I could not determine if manpage.rst is auto-generated, so I did not edit that file in case it is.

thp commented 1 year ago

I could not determine if manpage.rst is auto-generated, so I did not edit that file in case it is.

Please do edit it and then run update-manpages.sh and check in the results (the manpages are generated from the ReStructuredText files).

thp commented 1 year ago

Looks good so far. Need to fix CI (unrelated to this PR).

thp commented 1 year ago

Please rebase against master so that the CI tests can run though (see #733).

trevorshannon commented 1 year ago

Thanks for taking a look. I made the edit to manpage.rst and ran bash update-manpages.sh. There are more edits than I expected to the man pages, so perhaps the source and output were out of sync? I've never used sphinx; maybe there is also some sphinx user setting that's different between our two setups. I'm happy to change anything if needed.

thp commented 1 year ago

Thanks for taking a look.
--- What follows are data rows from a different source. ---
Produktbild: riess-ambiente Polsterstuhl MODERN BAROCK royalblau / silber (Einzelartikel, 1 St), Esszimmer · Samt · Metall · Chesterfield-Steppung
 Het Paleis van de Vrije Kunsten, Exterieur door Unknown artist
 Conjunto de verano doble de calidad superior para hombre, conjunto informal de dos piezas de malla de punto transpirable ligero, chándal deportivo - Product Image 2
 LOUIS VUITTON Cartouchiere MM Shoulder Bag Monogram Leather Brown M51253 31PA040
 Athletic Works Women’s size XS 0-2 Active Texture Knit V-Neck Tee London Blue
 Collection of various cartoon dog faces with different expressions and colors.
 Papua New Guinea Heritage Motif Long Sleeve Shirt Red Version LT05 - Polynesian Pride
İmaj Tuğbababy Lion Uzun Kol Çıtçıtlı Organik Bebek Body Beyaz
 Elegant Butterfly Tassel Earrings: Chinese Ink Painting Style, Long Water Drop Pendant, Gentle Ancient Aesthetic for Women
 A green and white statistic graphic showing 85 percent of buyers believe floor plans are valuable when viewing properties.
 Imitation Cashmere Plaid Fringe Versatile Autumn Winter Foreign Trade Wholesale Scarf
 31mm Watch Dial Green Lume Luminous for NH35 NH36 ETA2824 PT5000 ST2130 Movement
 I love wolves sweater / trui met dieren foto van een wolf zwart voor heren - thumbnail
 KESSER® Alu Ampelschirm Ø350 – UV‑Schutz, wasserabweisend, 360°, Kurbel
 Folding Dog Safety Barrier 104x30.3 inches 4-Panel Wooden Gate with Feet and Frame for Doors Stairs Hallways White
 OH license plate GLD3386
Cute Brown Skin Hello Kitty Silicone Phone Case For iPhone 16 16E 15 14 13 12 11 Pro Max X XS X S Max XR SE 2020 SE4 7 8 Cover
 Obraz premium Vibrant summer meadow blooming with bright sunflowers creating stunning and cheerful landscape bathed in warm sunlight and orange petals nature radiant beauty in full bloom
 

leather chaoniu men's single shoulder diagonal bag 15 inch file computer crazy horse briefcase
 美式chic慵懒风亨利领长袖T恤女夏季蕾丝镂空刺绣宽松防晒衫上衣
I made the edit to manpage.rst and ran bash update-manpages.sh. There are more edits than I expected to the man pages, so perhaps the source and output were out of sync? I've never used sphinx; maybe there is also some sphinx user setting that's different between our two setups. I'm happy to change anything if needed.

Yeah you're right. If you don't mind, maybe just update the sources in docs/ and not yet re-generate the manpages (I can do that as part of the next release) (basically remove the changes in share/man/ from 436b4dec7b7986c796c49ef8c075e06f817ffb8e). Would that work for you (git rebase + edit the commit and remove the share/man changes)? I think after that change, if I haven't missed something, this is ready to be merged.

trevorshannon commented 1 year ago

No problem, please take a look!